The move was first disclosed in the FY 2022 budget, which calls for talent teams along with requirements for agencies to revive their internship programs and contribute funding to a new office targeting centralized, government-wide hiring actions for critical positions.

"The administration supports a return to fully staffed agencies to ensure they can meet their missions on behalf of the American people," Pam Coleman, associate director of performance and personnel management at the Office of Management and Budget said at a National Active and Retired Federal Employees Association event on Tuesday.

"That's why the budget helps efforts to expand and enhance recruitment and hiring efforts, as well as deploy more effective qualifying assessments to improve the overall hiring process," she said.

Biden's overall budget request proposes an increase of about 50,000 full-time equivalent employees across the civilian workforce in the executive branch, excluding the U.S. Postal Service.

A new "hiring line of business" for agency-level "talent teams" will "connect agencies and hiring managers with the best talent to meet mission needs," and be managed by OMB and the Office of Personnel Management, Coleman said.

The idea of these teams is to fill in where "understaffed and overwhelmed" HR teams might not have the "capacity to tackle these persistent challenges," an OMB spokesperson told FCW.

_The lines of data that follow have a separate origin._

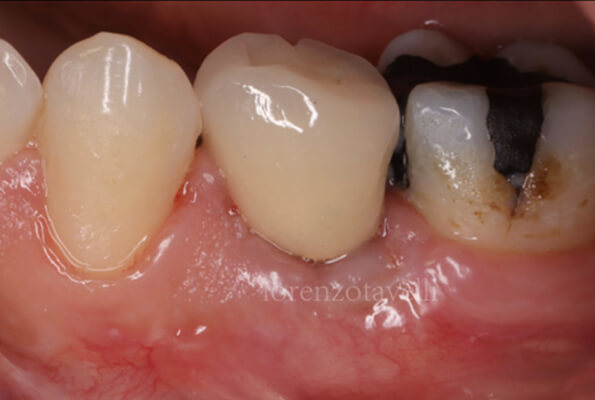Caso 5 - Dopo
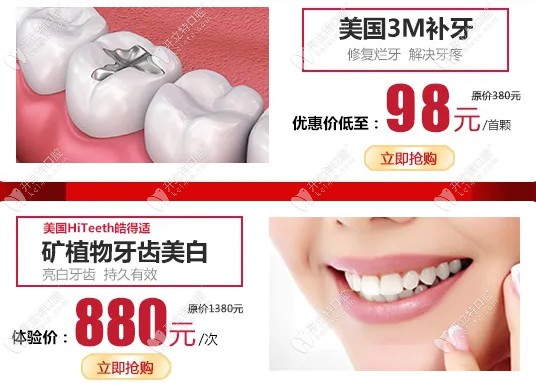 廣州廣大口腔美國3m補(bǔ)牙首顆優(yōu)惠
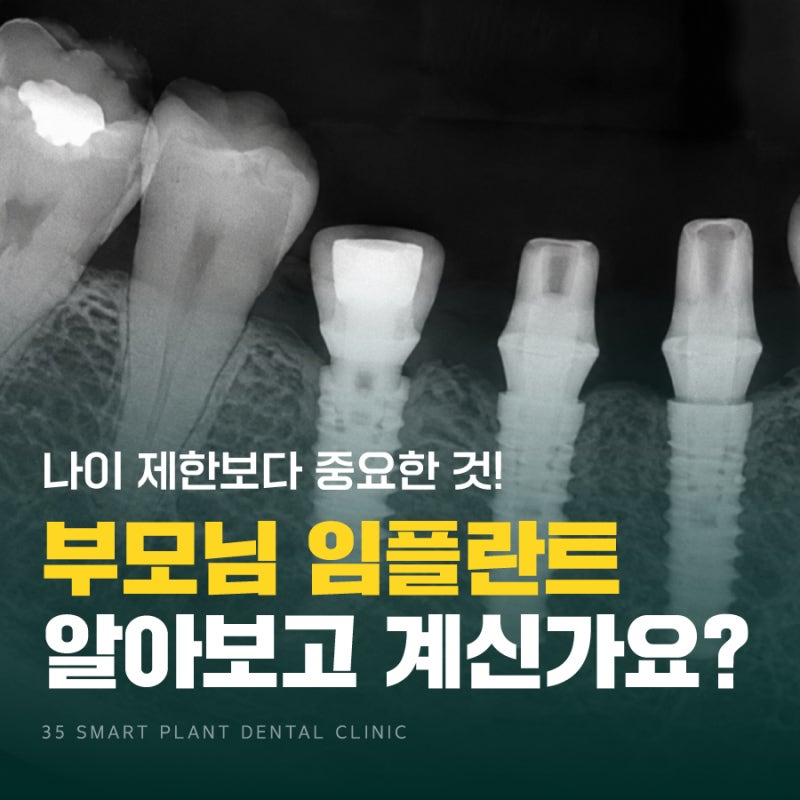 고령의 부모님 임플란트, 나이 제한이 있을까요? 건강보험 기준까지 정리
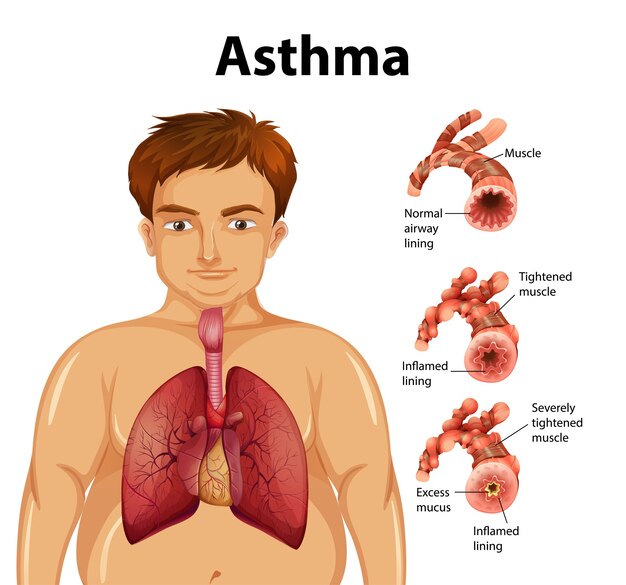 Vector gratuito comparación de pulmón sano y pulmón asmático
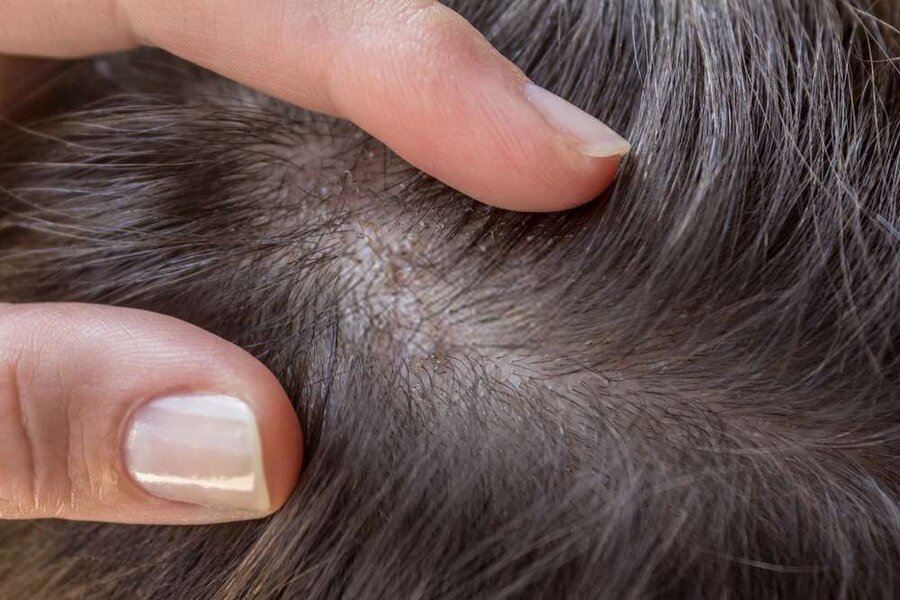 Viêm nang lông xuất hiện ở đầu có thể gây ra nhiều biến chứng khó lường liên quan tới da đầu.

"Talent teams are expected to include HR change makers throughout the government, and are tasked to use data to inform improved hiring strategies and drive hiring innovations, as well as implementing applicant friendly approaches so the government can recruit top talent," the spokesperson said.

All of this is meant to bring in new workers to add to the existing federal workforce "without displacing or harming current employees," Coleman said. It "supports the existing and future workforce by filling positions in a timely manner with applicants who are prepared and ready to support their agency's mission and coworkers."